Reviewing the Concepts

  • We can calculate a confidence interval for a paired-samples t test. This provides us with an interval estimate rather than simply a point estimate. If 0 is not in the confidence interval, then it is not plausible that there is no difference between the sample and population mean differences.
  • We also can calculate an effect size (Cohen’s d) for a paired-samples t test.
  • Order effects occur when participants’ behavior is affected when a dependent variable is presented a second time.
  • Order effects can be reduced through counterbalancing, a procedure in which the different levels of the independent variable are presented in different orders from one participant to the next.

Clarifying the Concepts

  • 10-5 How does creating a confidence interval for a paired-samples t test give us the same information as hypothesis testing with a paired-samples t test?
  • 10-6 How do we calculate Cohen’s d for a paired-samples t test?
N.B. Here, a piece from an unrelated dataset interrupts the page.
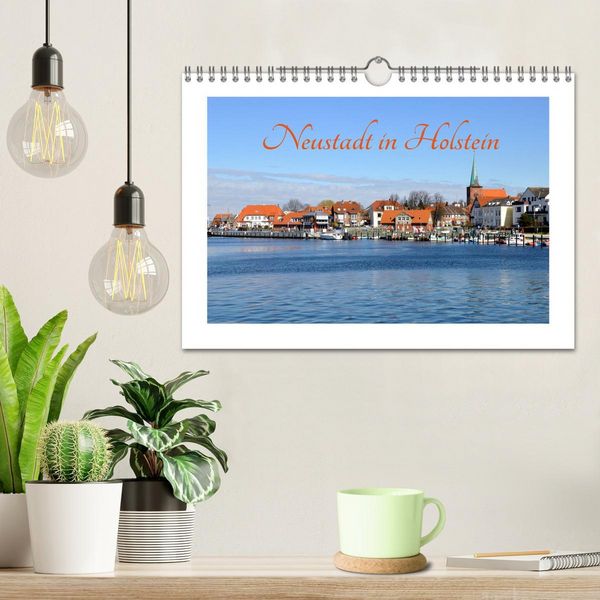 Produktbild: Neustadt in Holstein - Charmante Stadt am Meer (Wandkalender 2026 DIN A4 quer), CALVENDO Monatskalender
Calculating the Statistics

  • 10-7 Assume that researchers asked five participants to rate their mood on a scale from 1 to 7 (1 being lowest, 7 being highest) before and after watching a funny video clip. The researchers reported that the average difference between the “before” mood score and the “after” mood score was M = 1.0, s = 1.225. They calculated a paired-samples t test, t(4) = 1.13, p > 0.05 and, using a two-tailed test with a p level of 0.05, failed to reject the null hypothesis.
    1. Calculate the 95% confidence interval for this t test and describe how it results in the same conclusion as the hypothesis test.
    2. Calculate and interpret Cohen’s d.

Applying the Concepts

  • 10-8 Using the energy-level data presented in Check Your Learning 10-3 and 10-4, let’s go beyond hypothesis testing.
    1. Calculate the 95% confidence interval and describe how it results in the same conclusion as the hypothesis test.
    2. Calculate and interpret Cohen’s d.

Solutions to these Check Your Learning questions can be found in Appendix D.